[Image-text web data]

▬▬▬

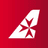KM Malta Airlines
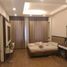 5 Schlafzimmer Villa zu verkaufen in Tay Ho, Hanoi, Phu Thuong, Tay Ho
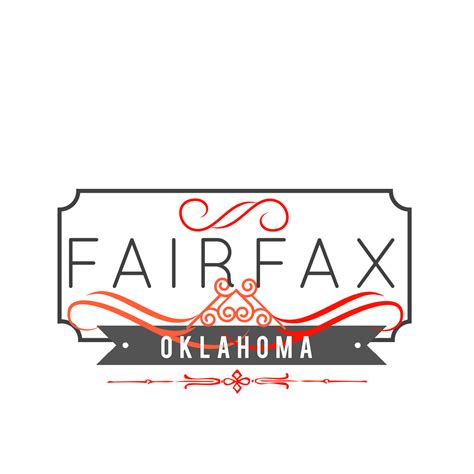 Fairfax, Oklahoma - Osage County | Visit The Osage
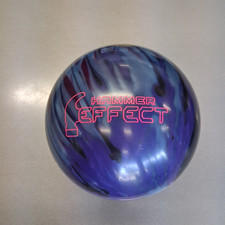 Hammer effect bowling for sale  Omaha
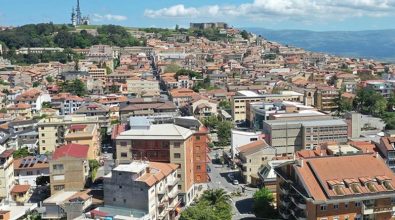 Emergenza acqua, Centro studi “Progetto Vibo”: «Manca una cosciente programmazione»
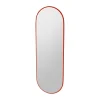 FIGURE Mirror peili – SP824Rn, Rosehip 145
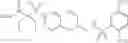 Fig. 764 - Aromatic sulfone hydroxamic acids and their use as protease inhibitors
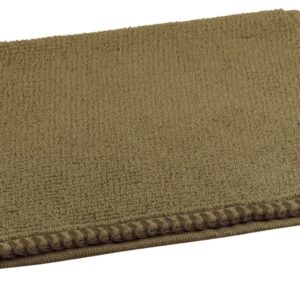 Serviette invité Bora Cèdre 30 x 50 La Vallée du blanc Serviette invité Bora Cèdre 30 x 50 Serviette invité La Vallée du blanc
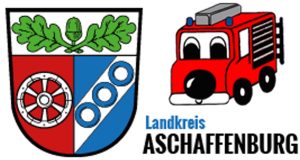 Logo Jugendfeuerwehr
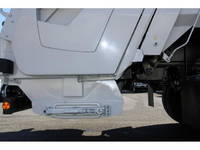 ISUZU Forward Garbage Truck SKG-FSR90S2 2016 297,000km_27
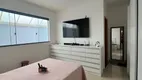 Foto 13 de Casa com 3 Quartos à venda, 150m² em Lundcea, Lagoa Santa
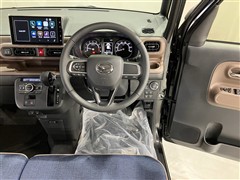 ムーヴキャンバス セオリー G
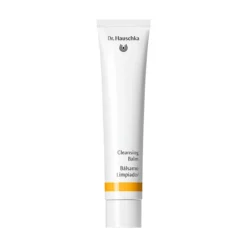 Bálsamo Limpiador Facial con Arcilla de Rügen y Aceites Vegetales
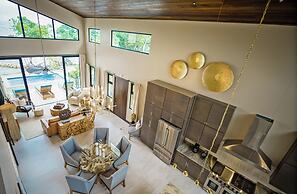 Prana Maya Island Resort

▬▬▬

Directions: In the data above, find the line with "Emergenza acqua, Centro" and repeat it and every line after it through the end, exactly; leave the pictures out.

Task result:
 Emergenza acqua, Centro studi “Progetto Vibo”: «Manca una cosciente programmazione»
 FIGURE Mirror peili – SP824Rn, Rosehip 145
 Fig. 764 - Aromatic sulfone hydroxamic acids and their use as protease inhibitors
 Serviette invité Bora Cèdre 30 x 50 La Vallée du blanc Serviette invité Bora Cèdre 30 x 50 Serviette invité La Vallée du blanc
 Logo Jugendfeuerwehr
 ISUZU Forward Garbage Truck SKG-FSR90S2 2016 297,000km_27
 Foto 13 de Casa com 3 Quartos à venda, 150m² em Lundcea, Lagoa Santa
 ムーヴキャンバス セオリー G
 Bálsamo Limpiador Facial con Arcilla de Rügen y Aceites Vegetales
 Prana Maya Island Resort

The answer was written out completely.